• Task item: Output the data in full. Keep every word exact and exclude the pictures.

• Dataset excerpt:
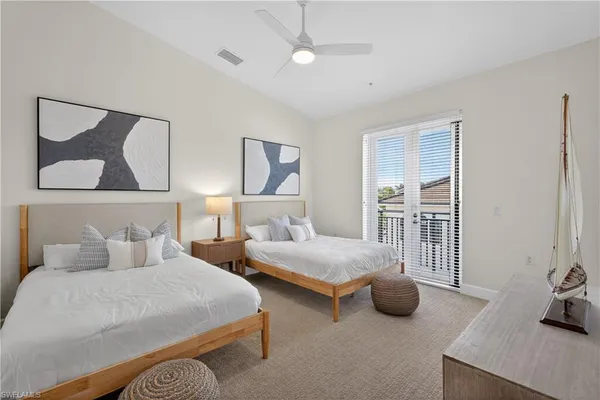 $2,725,000 | 552 11th Avenue South, Unit 4, Naples, FL 34102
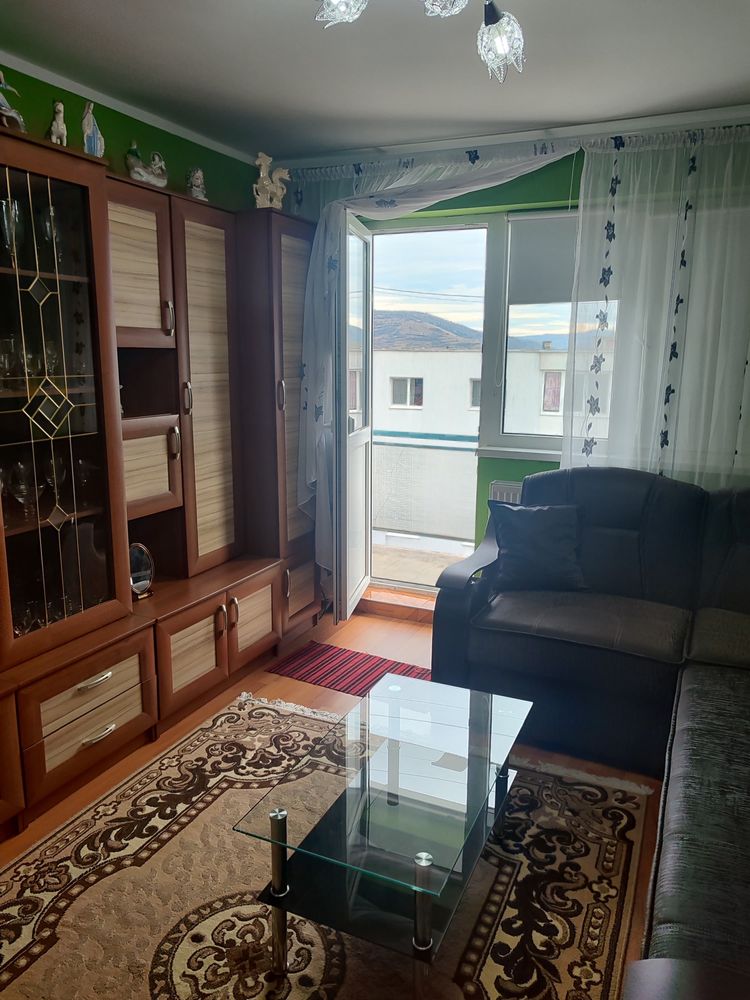 Vand apartament cu 2 camere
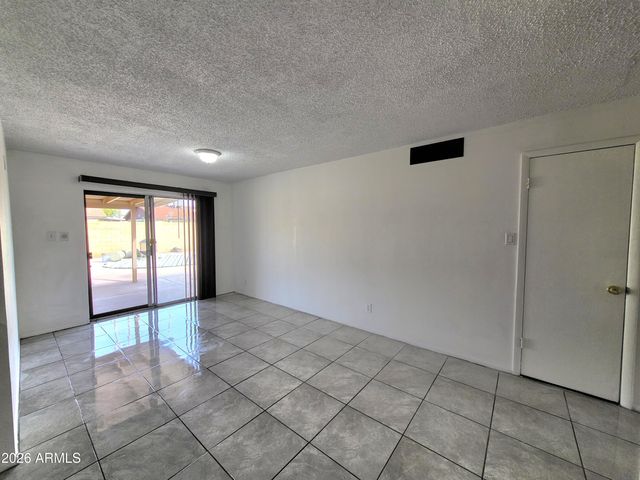 3812 W BARBARA Avenue, Phoenix, AZ 85051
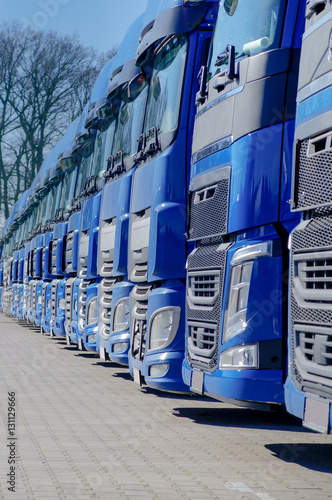 Blaue 30 Tonner in Reihe auf einen Unternehmerparkplatz abgestellt photo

• Solution for this task:
 $2,725,000 | 552 11th Avenue South, Unit 4, Naples, FL 34102
 Vand apartament cu 2 camere
 3812 W BARBARA Avenue, Phoenix, AZ 85051
 Blaue 30 Tonner in Reihe auf einen Unternehmerparkplatz abgestellt photo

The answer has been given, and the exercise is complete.